North Yandangshan, in the geographic sense, contains three scenic areas, Yangjiaodong/Fangshan, Middle Yandangshan and North Yandang, the latter commonly referred to as the Yandangshan, the most famous of the scenic areas in the Yandang Mountains.

North Yandang Scenic Area is centered on Mt. Yandang and has an area of 450 sqkm. China's National Tourism Administration rated North Yandang as a "5A scenic area" in 2007, up from "4A" before. A number of touristic attractions, or "scenic spots", have been develop around Mt. Yandang, the most famous being:
- Lingfeng Peaks (灵峰 (Spiritual peaks)).
- Lingyan Rock (灵岩 (Spiritual rock)).
- Great Dragon Pond Waterfall (大龙湫 (Dàlóngqiū, Big dragon pond)).

The great majority of domestic tourists only visit the key scenic areas, which can get very crowded, and not all development has been kind to the surroundings. However, areas outside the formally developed scenic spots can be quite serene. Mt. Yandang is also increasingly popular as a hiking area for urbanites.

Mt. Yandang can be accessed using the Yandangshan Railway Station on the fast railway track between Ningbo and Wenzhou.

Middle Yandang Scenic Area is a "4A scenic area" in south of Yueqing County. The total area of the scenic area is 93 km^{2}.
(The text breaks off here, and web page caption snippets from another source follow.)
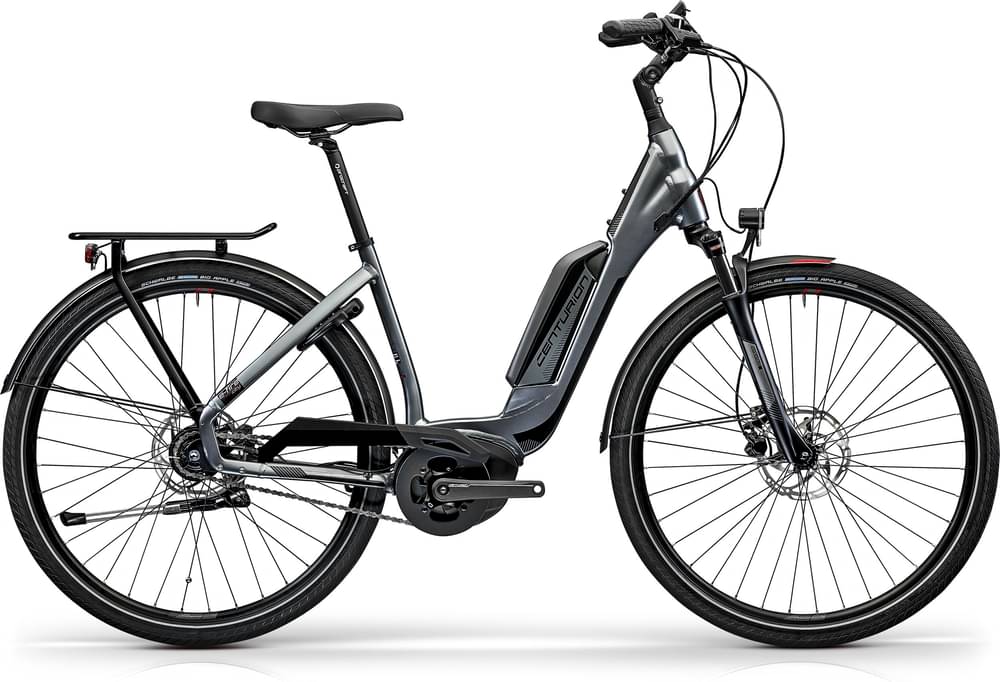 abus fahrradhelm preis Rennradhelm Macator - sportiver für Einsteiger - auch für Zopfträger/-innen Vitalpilz Farbe-Akku:Black 21Ah Ebike - Bluejay Bikes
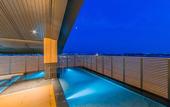 Туры в отель Grandia Housen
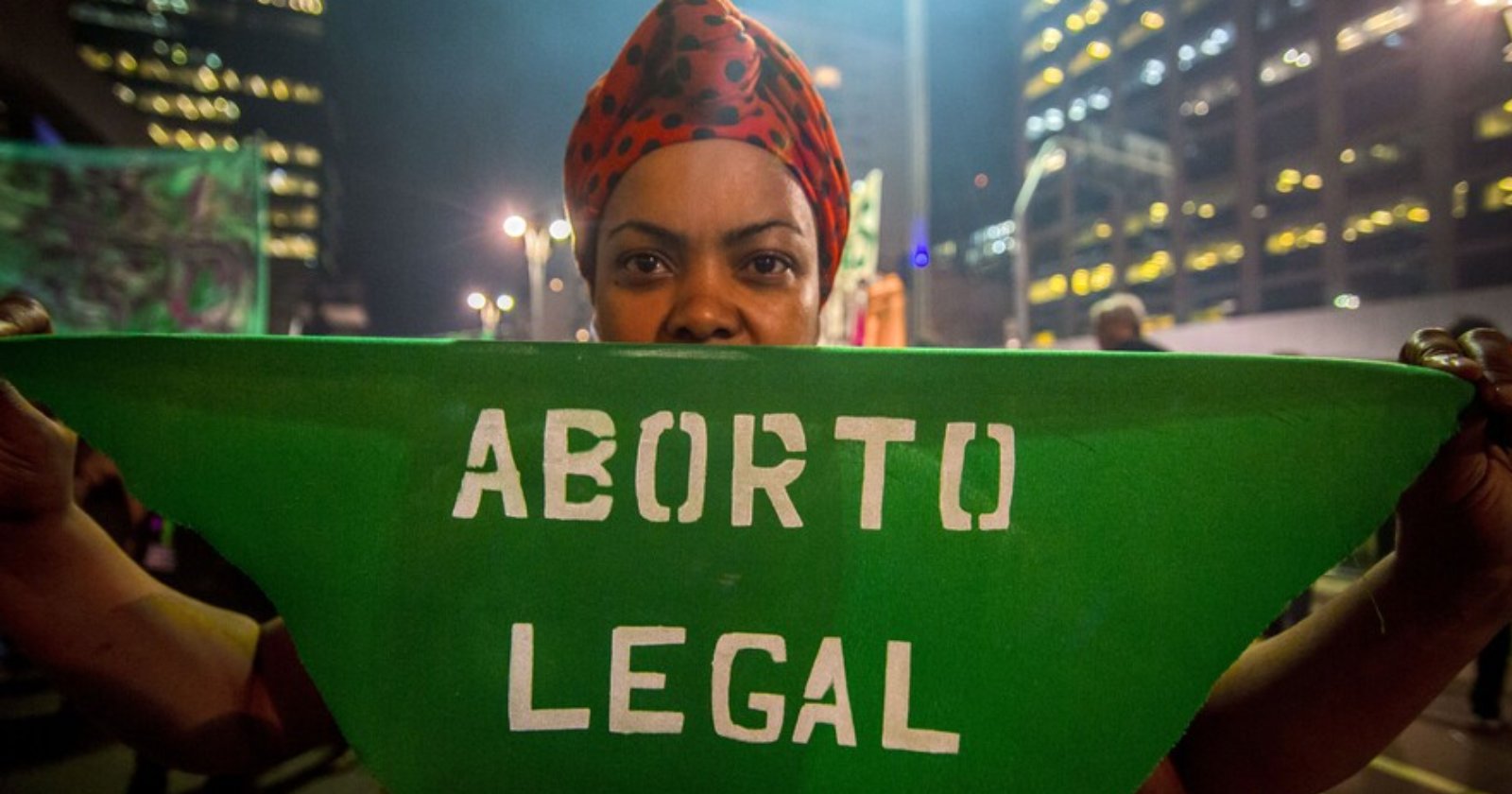Ecuador aborto violación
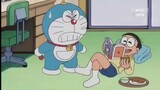 Doraemon Malay 2024
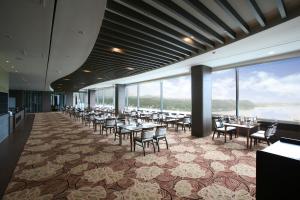 썬밸리 호텔 레스토랑 또는 맛집 사진 34개 이상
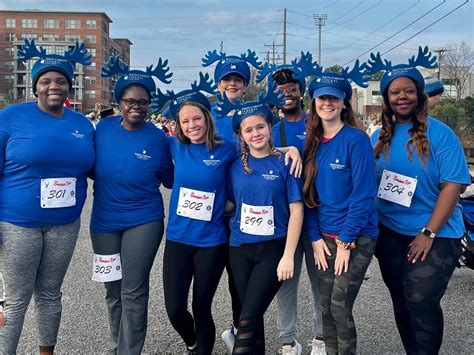 Best Credit Unions to Work For 2022 | Credit Union Journal | American ...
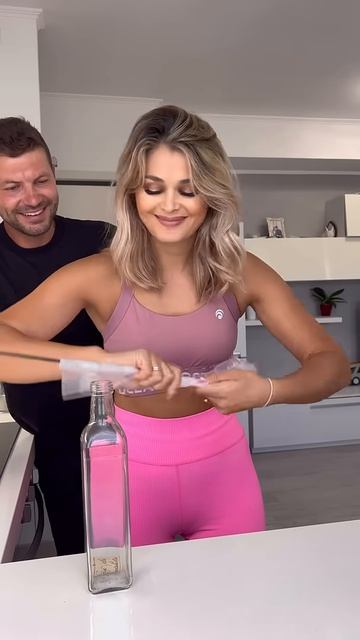 Попробуйте и вы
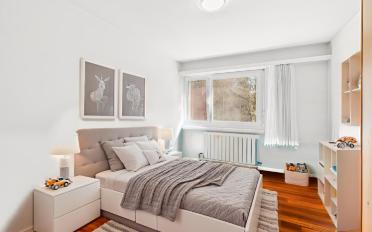 Wohnung 5.5 Zimmer - image - 2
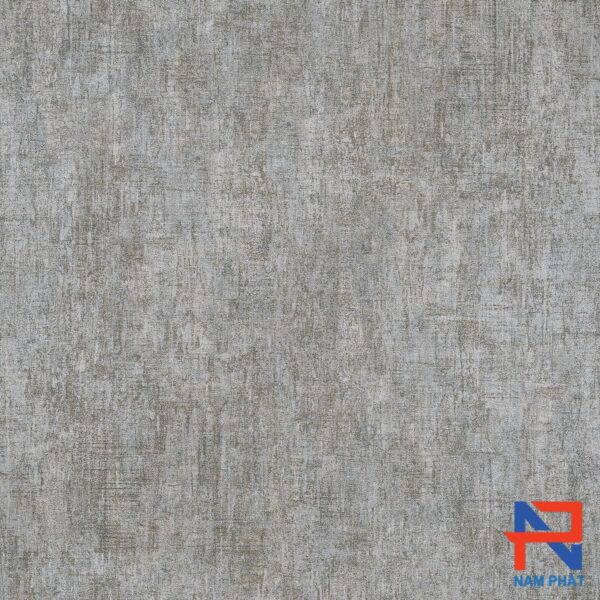 Gạch Eurotile 60x60 giả vải DAVH02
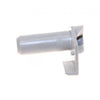 Liebherr Refrigerator Bushing - 742934700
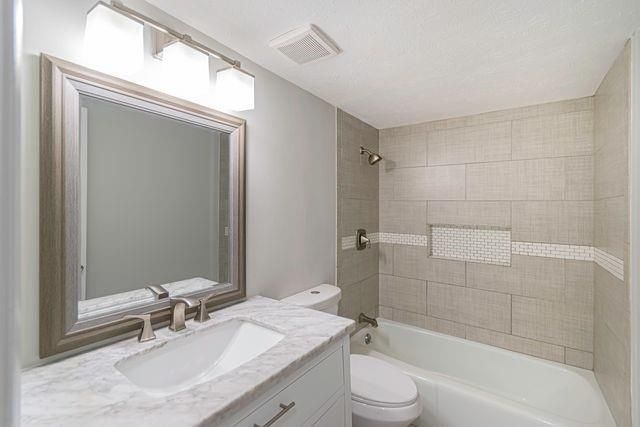 790 Anna Court, Lawrenceville, GA 30044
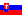 Na Slovensku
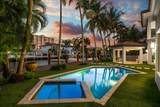 2614 Castilla Isle - Photo 54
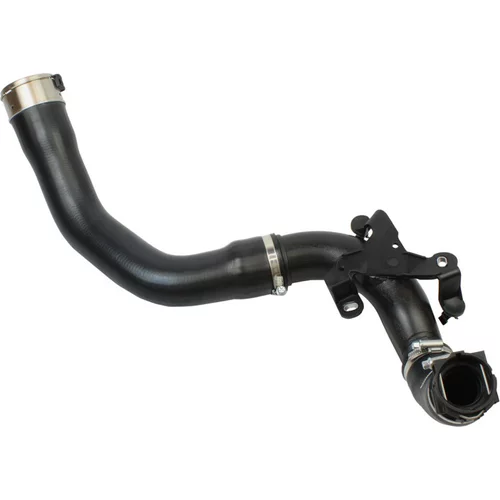 Hadica plniaceho vzduchu 68-0555 /MaXgear/ - obr. 1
Yangjiaodong/Fangshan Scenic Area is on the border between Wenzhou and Taizhou. This is a single mountain, but the name of the scenic area changes on the border. Yangjiaodong (羊角洞) is the Wenzhou half, and Fangshan (方山) the Taizhou one.

===South Yandang===
South Yandang is a "4A scenic area" and consists of five scenic spots near Nanyanzhen town in Pingyang County. East and West Caves are the most famous sights. The total area of the scenic area is 169 km^{2}.